A tax deduction, on the other hand, is worth more to those with higher incomes up to a certain point, when it becomes worthless. A $3,000 deduction, for example, would reduce one’s state and local taxes by $1,200 if he or she were affluent enough to fall into the 40 percent marginal tax bracket, by $1,000 in the 33 percent tax bracket, and by just $600 in the 20 percent tax bracket. For those whose income is so low that no taxes would be owed in any event, the tax-based benefit would be zero. Moreover, less than one-third of all federal tax returns include itemized deductions, rather than the standard deduction. For those using the standard deduction, the value of any additional tax break that doesn’t reduce taxable income off the top (as the exclusion of retirement savings and employer health insurance premiums does) is effectively zero. The working class, and much of the middle class, has thus received no benefit from all the tax breaks added since the 1986 tax reform. The truly rich also frequently receive nothing, since many tax credits and deductions phase out, and the alternative minimum tax phases in, above a certain point.

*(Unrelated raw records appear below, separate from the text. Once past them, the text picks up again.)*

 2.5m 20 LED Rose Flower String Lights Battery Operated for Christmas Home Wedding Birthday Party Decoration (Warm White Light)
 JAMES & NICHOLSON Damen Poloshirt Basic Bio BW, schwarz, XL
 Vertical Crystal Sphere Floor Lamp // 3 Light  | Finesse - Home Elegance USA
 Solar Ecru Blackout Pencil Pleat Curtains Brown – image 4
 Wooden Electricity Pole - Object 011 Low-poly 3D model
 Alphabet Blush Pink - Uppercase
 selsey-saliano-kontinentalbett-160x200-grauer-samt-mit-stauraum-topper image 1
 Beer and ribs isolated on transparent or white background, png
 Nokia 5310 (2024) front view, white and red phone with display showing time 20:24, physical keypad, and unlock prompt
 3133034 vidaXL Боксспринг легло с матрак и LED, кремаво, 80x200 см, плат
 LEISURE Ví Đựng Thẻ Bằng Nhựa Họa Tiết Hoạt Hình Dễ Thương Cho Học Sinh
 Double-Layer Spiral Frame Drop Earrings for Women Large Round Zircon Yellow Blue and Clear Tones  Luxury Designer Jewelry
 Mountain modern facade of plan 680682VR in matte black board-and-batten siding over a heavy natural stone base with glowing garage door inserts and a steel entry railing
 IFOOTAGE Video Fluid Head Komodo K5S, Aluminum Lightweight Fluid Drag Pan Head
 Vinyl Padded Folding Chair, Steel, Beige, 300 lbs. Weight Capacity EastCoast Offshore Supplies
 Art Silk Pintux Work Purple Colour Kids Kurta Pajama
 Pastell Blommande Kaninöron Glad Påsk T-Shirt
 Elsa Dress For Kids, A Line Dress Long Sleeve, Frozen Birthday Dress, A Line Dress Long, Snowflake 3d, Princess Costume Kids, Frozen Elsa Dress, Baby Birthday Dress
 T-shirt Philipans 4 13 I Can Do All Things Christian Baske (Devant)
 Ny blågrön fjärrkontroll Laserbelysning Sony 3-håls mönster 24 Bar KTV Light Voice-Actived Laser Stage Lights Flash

Most of the benefit from the profusion of tax breaks over the past 20 years, therefore, has gone to two-income, college-educated couples whose total earnings place them in the upper middle class. Suburban, college-educated whites, the “soccer mom” voters, those in the same social group as most elected officials, in other words. The rising inequities have been enough to even shake the conscience of some conservatives, whose perspective generally is that big government has allowed the “less deserving” to be better off than they should be. This is particularly the case for health insurance, where Republicans are presiding over an era in which the amount of federal tax subsidy to the affluent rises every time the cost of health insurance does, even as millions lose their health insurance and, therefore, their subsidy.
There is a way to use the tax system to provide an equal benefit for everyone. The government could offer a benefit that could be either a tax break or a voucher. The voucher option would ensure that everyone received, say, $1,000 even if no tax were owed, while those who owed more than $1,000 in taxes could just take a credit against them. Either way, the dollar value of the benefit would be the same for everyone, from the richest to the poorest, and everyone would be assured of being able to afford whatever service was being subsidized, up to at least that value. At this point, however, the Earned Income Tax Credit is one of the few examples of a refundable tax credit. In the year 2000, many in Congress proposed cutting the EITC to pay for tax reductions, on the grounds that the EITC is big government “welfare” for the undeserving working poor. Remarkably, that proposal did not pass. Or at least it has not passed yet.